*PROBLEM REQUIREMENTS*
Would you please set down, word for word, the lines from the one with "Toyota RAV4 (2024) thumbnail 19" through the final line of the data below, omitting any pictures?

*RAW DATA*
....................

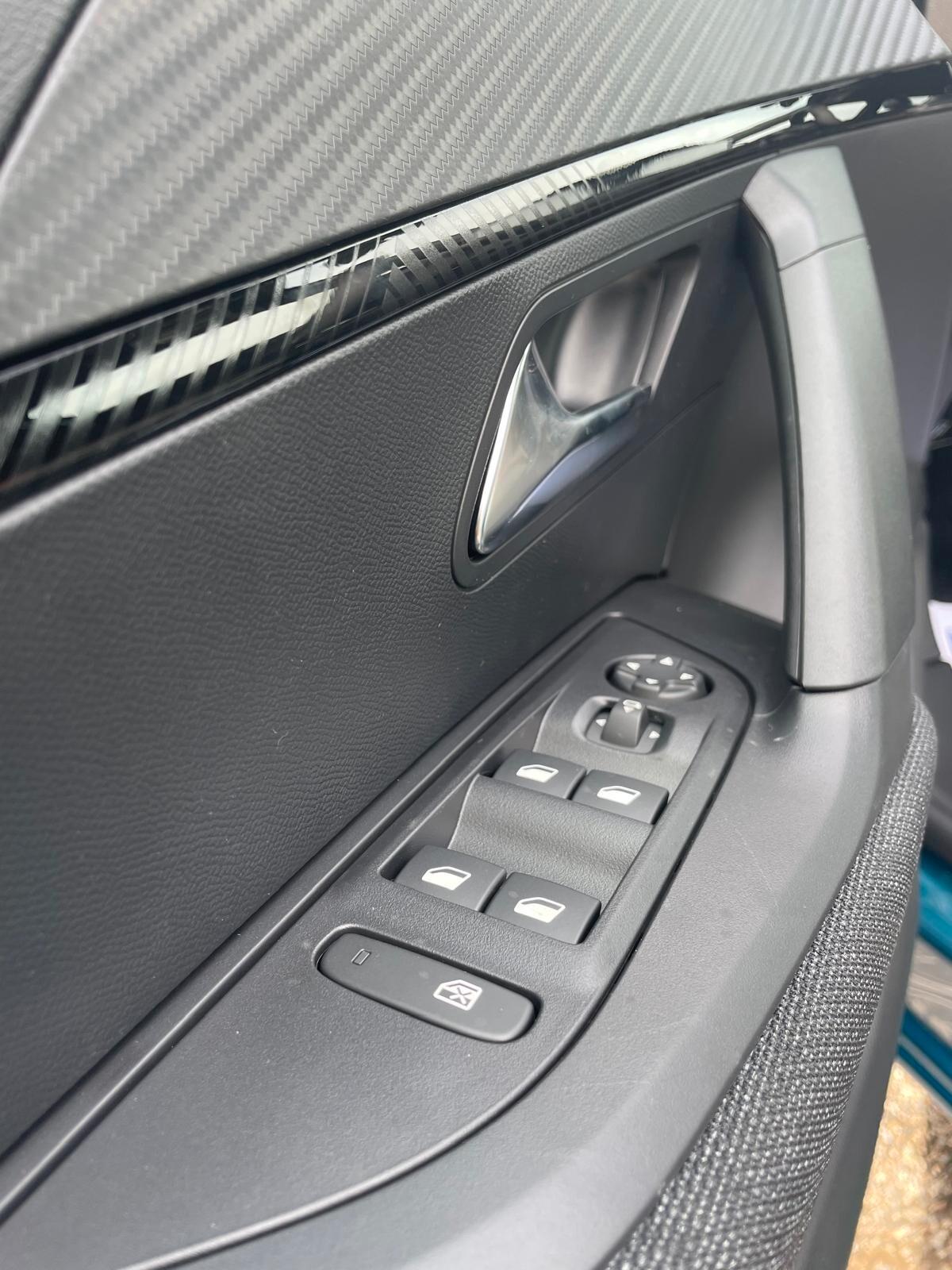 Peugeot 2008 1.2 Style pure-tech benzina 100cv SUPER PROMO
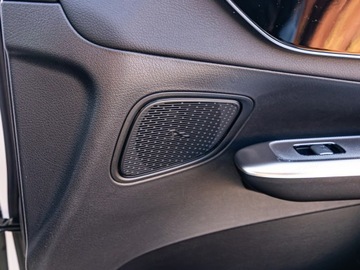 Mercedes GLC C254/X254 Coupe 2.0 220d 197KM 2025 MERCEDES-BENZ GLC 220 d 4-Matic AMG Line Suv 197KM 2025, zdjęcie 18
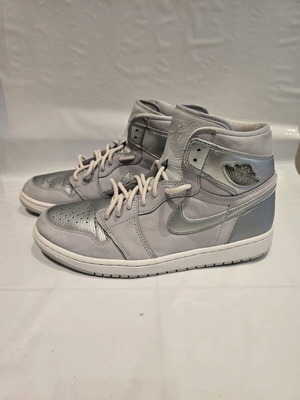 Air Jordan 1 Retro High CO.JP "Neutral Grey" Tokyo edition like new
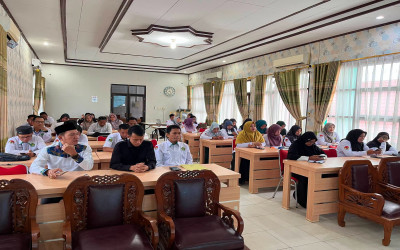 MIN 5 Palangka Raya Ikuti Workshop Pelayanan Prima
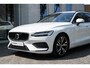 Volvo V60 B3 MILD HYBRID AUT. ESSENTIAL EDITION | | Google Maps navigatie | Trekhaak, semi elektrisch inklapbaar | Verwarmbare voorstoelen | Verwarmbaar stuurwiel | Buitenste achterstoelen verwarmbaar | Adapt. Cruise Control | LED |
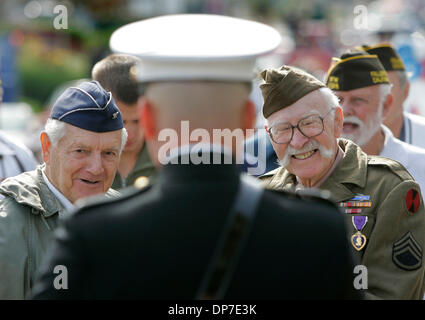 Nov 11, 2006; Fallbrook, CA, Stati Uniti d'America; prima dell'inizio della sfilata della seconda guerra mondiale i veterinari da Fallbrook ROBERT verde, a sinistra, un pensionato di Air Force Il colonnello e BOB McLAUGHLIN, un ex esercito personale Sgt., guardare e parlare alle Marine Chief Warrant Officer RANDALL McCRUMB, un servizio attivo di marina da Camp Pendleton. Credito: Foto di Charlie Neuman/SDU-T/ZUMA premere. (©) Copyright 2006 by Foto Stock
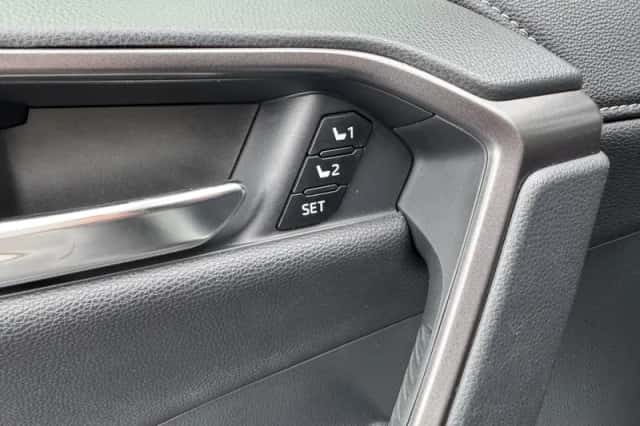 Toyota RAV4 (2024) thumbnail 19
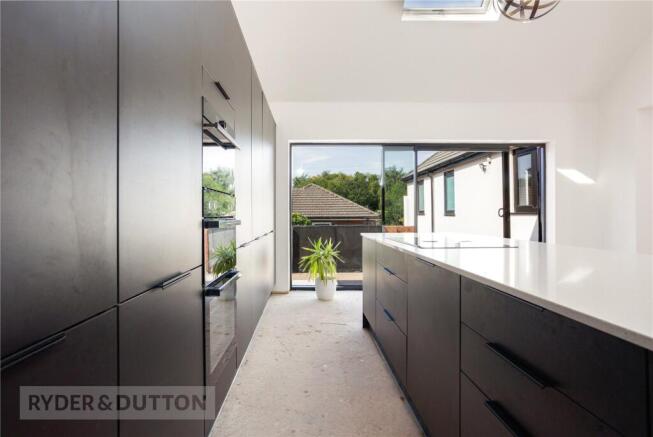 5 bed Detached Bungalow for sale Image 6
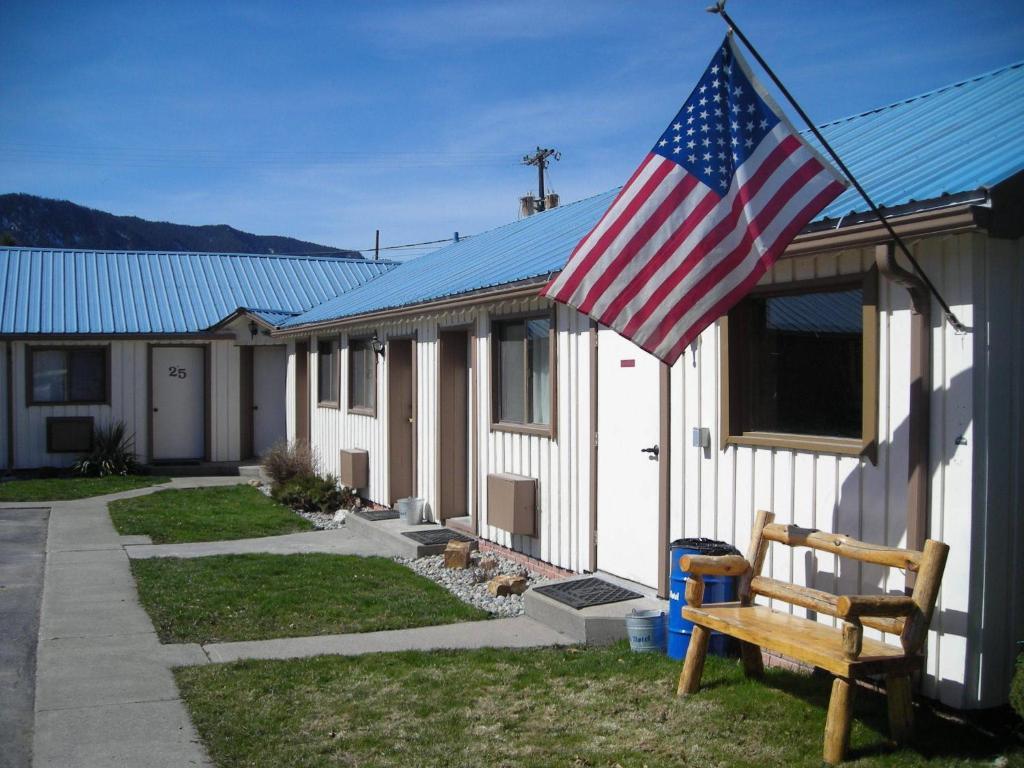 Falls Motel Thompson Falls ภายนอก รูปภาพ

....................

*WRITTEN SOLUTION*
 Toyota RAV4 (2024) thumbnail 19
 5 bed Detached Bungalow for sale Image 6
 Falls Motel Thompson Falls ภายนอก รูปภาพ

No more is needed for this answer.